*Extracted information*.
Content starts

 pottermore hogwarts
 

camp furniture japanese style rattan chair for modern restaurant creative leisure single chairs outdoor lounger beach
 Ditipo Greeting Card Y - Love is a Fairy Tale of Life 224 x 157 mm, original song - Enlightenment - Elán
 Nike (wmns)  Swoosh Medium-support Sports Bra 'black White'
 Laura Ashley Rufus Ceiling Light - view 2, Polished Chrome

Content ends
Content starts

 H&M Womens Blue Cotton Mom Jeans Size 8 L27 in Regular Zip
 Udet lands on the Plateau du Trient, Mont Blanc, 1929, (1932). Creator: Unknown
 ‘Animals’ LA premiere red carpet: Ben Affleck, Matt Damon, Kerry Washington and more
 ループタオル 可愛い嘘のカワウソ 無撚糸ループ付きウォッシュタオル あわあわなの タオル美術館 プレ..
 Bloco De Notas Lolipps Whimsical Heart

Content ends
Content starts

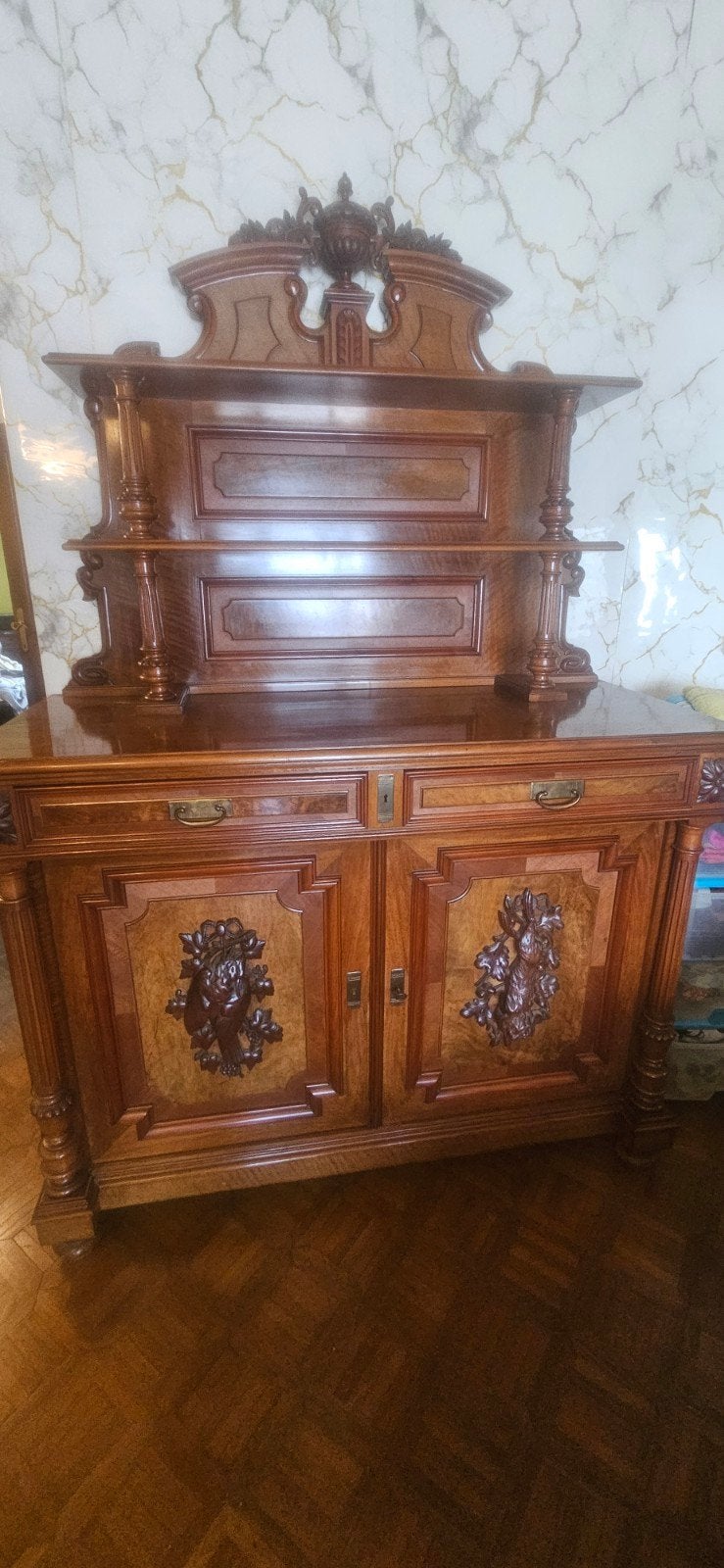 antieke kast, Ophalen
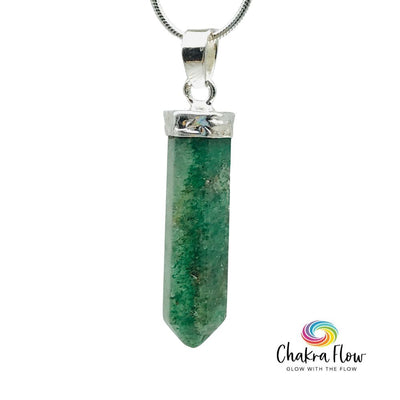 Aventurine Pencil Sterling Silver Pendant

Content ends

*Your goal*. Look in the material above for the line with "Ditipo Greeting Card" and the line with "Laura Ashley Rufus", and transcribe exactly those lines and all lines between them, nothing more.

*Response*.
 Ditipo Greeting Card Y - Love is a Fairy Tale of Life 224 x 157 mm, original song - Enlightenment - Elán
 Nike (wmns)  Swoosh Medium-support Sports Bra 'black White'
 Laura Ashley Rufus Ceiling Light - view 2, Polished Chrome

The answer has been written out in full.